Jorge Luis Borges - O instante

Centrando-se no tema da fugacidade do tempo, Borges se pergunta o que teria restado dos grandes eventos do passado, das guerras, das conquistas, dos sonhos de antigas civilizações, das muralhas e dos monumentos que erigiram, até mesmo de tudo quanto, no afã de apreensão por parte do espírito humano, se aglutina à volta das ideologias e religiões que atravessam a História, tantas vezes penhoradas pelo embate divisionista do bem contra o mal.

 

Sob a sua ótica, o tempo se erige através da memória, essa soma imperfeita de nossas percepções do passado, tão enganosa quanto mais que somente costumamos evocá-la no presente em relação aos atos e fatos matizados por critérios de interesse e vontade, raramente de fidedignidade ao ocorrido – mesmo porque também o registro do que capturamos à realidade, por intermédio dos sentidos, sujeita-se, induvidosamente, ao influxo de vieses que acabam por se fixar nos escaninhos da mente.

 

A sucessão dos anos se mostra, dessa forma, como um cenário vazio, e nossa identidade de “hoje” não é a mesma que a de ontem, restando-nos, por conseguinte, viver no presente, esse único momento sob o nosso controle – efêmero e eterno a um só tempo –, sem desperdiçá-lo em frívolos sonhos e arrependimentos.

 

J.A.R. – H.C.

 

Jorge Luis Borges

(1899-1986)

 

El instante

 

¿Dónde estarán los siglos, dónde el sueño

de espadas que los tártaros soñaron,

dónde los fuertes muros que allanaron,

dónde el Árbol de Adán y el otro Leño?

 

El presente está solo.
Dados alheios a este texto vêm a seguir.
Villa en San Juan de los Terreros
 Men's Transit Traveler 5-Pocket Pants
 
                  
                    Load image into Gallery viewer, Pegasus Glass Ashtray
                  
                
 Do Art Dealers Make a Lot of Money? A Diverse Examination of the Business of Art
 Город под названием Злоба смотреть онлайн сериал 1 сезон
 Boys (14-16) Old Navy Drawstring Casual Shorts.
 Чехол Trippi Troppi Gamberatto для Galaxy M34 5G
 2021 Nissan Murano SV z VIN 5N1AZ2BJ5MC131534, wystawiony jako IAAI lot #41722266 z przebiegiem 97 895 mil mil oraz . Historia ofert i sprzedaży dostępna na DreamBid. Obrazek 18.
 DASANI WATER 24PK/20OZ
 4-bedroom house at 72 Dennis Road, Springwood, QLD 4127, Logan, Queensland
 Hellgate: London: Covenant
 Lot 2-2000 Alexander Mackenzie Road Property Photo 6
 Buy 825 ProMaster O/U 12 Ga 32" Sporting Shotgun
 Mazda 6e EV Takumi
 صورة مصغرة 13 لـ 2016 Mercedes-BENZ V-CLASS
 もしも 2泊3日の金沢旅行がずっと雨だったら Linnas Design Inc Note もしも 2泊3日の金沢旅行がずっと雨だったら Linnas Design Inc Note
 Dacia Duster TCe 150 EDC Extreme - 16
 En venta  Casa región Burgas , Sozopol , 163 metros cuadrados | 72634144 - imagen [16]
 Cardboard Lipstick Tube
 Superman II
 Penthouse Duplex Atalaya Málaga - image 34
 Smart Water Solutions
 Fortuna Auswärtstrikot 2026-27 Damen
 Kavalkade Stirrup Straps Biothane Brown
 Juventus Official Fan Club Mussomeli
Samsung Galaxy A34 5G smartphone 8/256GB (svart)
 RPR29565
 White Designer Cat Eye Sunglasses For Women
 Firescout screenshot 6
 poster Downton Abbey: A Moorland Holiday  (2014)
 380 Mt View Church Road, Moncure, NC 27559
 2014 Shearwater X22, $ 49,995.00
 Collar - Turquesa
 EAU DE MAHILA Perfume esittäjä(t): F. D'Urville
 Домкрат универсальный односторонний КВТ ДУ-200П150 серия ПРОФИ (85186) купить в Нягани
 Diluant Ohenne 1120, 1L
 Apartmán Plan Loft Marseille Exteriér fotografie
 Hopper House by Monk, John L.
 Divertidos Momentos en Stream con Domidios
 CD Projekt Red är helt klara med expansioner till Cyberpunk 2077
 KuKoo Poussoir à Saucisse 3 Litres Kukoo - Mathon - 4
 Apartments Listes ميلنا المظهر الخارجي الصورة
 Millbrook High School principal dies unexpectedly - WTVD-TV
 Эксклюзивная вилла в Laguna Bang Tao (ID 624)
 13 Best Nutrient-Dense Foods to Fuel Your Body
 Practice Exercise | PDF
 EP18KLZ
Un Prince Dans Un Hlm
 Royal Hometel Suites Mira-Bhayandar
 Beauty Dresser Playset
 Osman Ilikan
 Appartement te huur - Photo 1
La memoria

erige el tiempo. Sucesión y engaño

es la rutina del reloj. El año

no es menos vano que la vana historia.

 

Entre el alba y la noche hay un abismo

de agonías, de luces, de cuidados;

el rostro que se mira en los gastados

 

espejos de la noche no es el mismo.

El hoy fugaz es tenue y es eterno;

otro Cielo no esperes, ni otro Infierno.

 

En: “El otro, el mismo” (1964)

 

O juízo final

(John Martin: pintor inglês)

 

O instante

 

Onde estarão os séculos, o sonho

de espadas pelos tártaros sonhado,

onde as fortes muralhas derrubadas,

onde a Árvore de Adão e o outro Lenho?

 

O presente está só. É a memória

que erige o tempo. Sequência e engano,

essa é a rotina do relógio. O ano

é tão vazio quanto a vazia história.

 

Entre a aurora e a noite há um abismo

de agonias, de luzes, de cuidados;

o rosto que se observa nos usados

 

espelhos da noite já não é o mesmo.

O hoje fugaz é tênue e é eterno;

não haverá outro Céu nem outro Inferno.

 

Em: “O outro, o mesmo” (1964)

 

Referência:

 

BORGES, Jorge Luis. El instante / O instante. Tradução de Heloisa Jahn. In: __________. Nova antologia pessoal. 1 ed. Traduções de Davi Arrigucci Jr., Heloisa Jahn e Josely Vianna Baptista. São Paulo: Companhia das Letras, 2013. Em espanhol: p. 310; em português: p. 46.